The attacks came in perfect sequence, surprising a hoard of onlookers but not insiders, who say that pressures related to daily functions have finally reached a boiling point. Many feel the President simply overreacted to harmless taunts about his golf game.

“Paul Ryan laughed when he bladed a nine iron last month,” said Trump spokesperson Yuri Putin. “That’s why the President secretly hates him. He calls him the Irish Undertaker…Says he heard it on cable television.”

Mike Pence is not out of the woods either according to Putin. Only Wednesday the Vice-President angered his boss with an off-handed comment somehow comparing the Commander-in-Chief’s swing with “the movements of an antique waffle iron.”

While the other two stew, Jeff Sessions has apologized for joking about the variety of plastic plants that don the Oval Office. He’s alleged to have said that the President is (to paraphrase) way out in front when it comes to the plastic plant culture. In addition he prefers to walk 18 holes rather than succumb to the slothful golf cart journeys preferred by Trump.

This reportedly irritates the President.

– Susie Compost

CANE LICENSE DEADLINE LOOMS

(Montrose) People carrying canes here have until Thursday to procure licenses for same or face stiff fines. Whether a citizen is using the cane as a tool, a crutch, a walking stick or simply an accessory he must comply with the new regulation.

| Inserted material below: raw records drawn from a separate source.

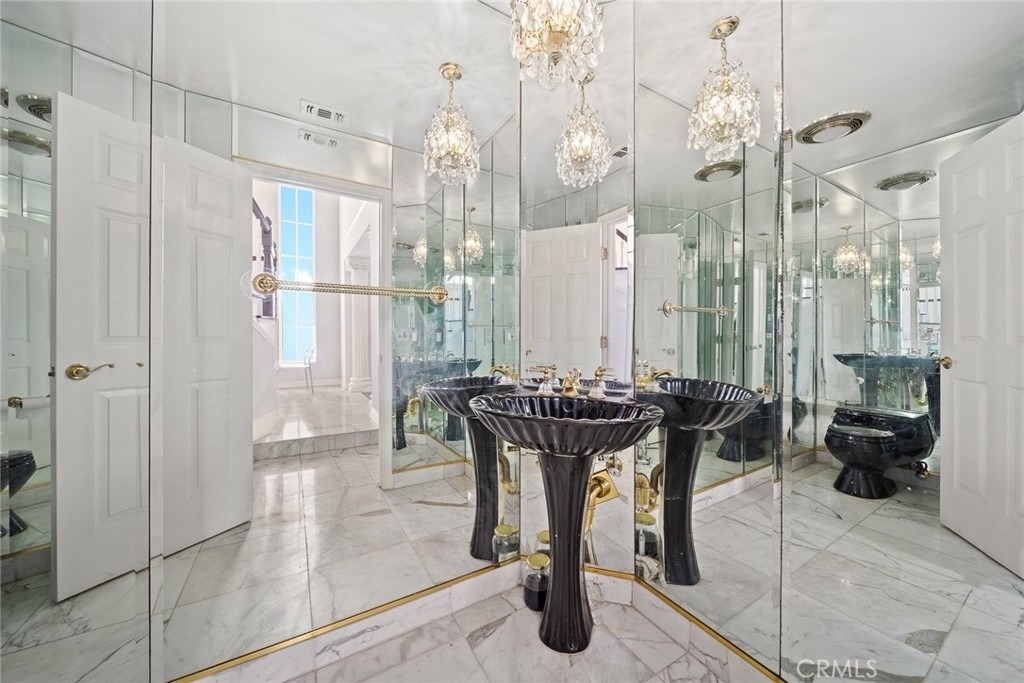 22427 Steeplechase Lane - Photo 28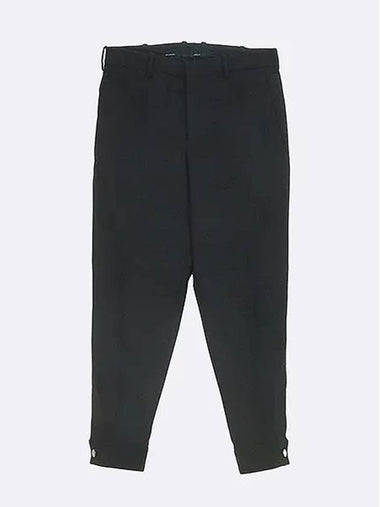 Smith Market PBPA474H Pants Men s Clothing - NEIL BARRETT - BALAAN 1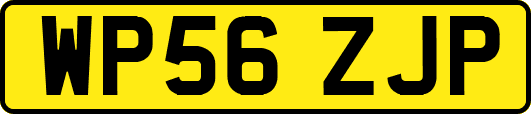 WP56ZJP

Critics of the law say it is just another step toward a national ID card. They say that although the card is presented as necessary security against illegal aliens and terrorists it is just another attempt by the control freaks to look up your dress/down your shorts.

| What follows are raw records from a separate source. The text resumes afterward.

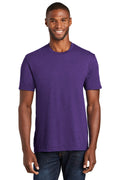 Port & Company Men's Fan Favorite Blend Tee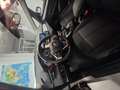 BMW 218 218d Gran Tourer Business Beige - thumbnail 10
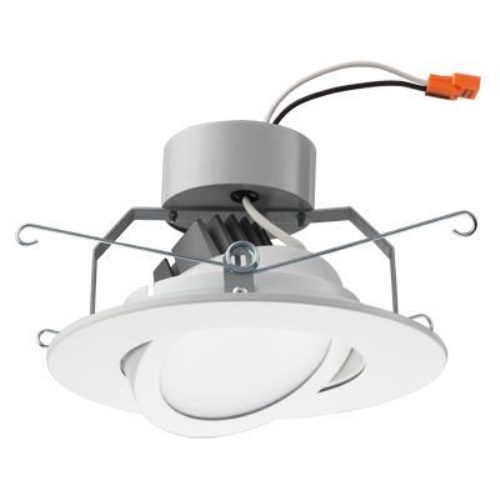 LIT-6G1MB LED 30K 90CRI M6_1 - f4d1d469-a79b-483f-b262-9f3dcedacf16.jpg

“I’d prefer trainloads of illegal immigrants in my backyard rather than have an ID number stenciled on my forehead,” said Rocky Flats, a semi-retired atomic scientist and frequent cane user from Olathe. “I’m gonna use my cane and I’m not gonna buy no damn license. Them that gets in my way wanting to see credentials will get a close up look at my walking stick, you betcha.”

A free-lance gov’ment source defended the action.

“We don’t want to get involved in people’s personal lives, no sireee…We just want to defuse a potentially explosive scenario before it becomes a life threatening situation,” smiled Suzanne Compost of the Committee for Public Safety.

“What with all those baby boomers hitting senior status we expect to see more people using canes. In fact, we estimate that cane use will all but double by the year 2022.”

Compost went on to deny rumors that the feds will patrol older neighborhoods checking paperwork, even kicking canes out from under elderly people who choose to ignore the law.

“That’s ridiculous,” she quipped. “Some of those old farts carry mace, bite and have mean cats. Why would we jeopardize the safety of our people? We can just wait till these criminals take a nap on a park bench, lay their canes down at the local cafeteria or go to pick up their sociable security checks at the mailbox, then we simply the seize the illegal cane.”

The AARP, the ACLU, Reader’s Digest, the manufacturers of Viagra and several prune juice processing plants have promised to appeal the new legislation.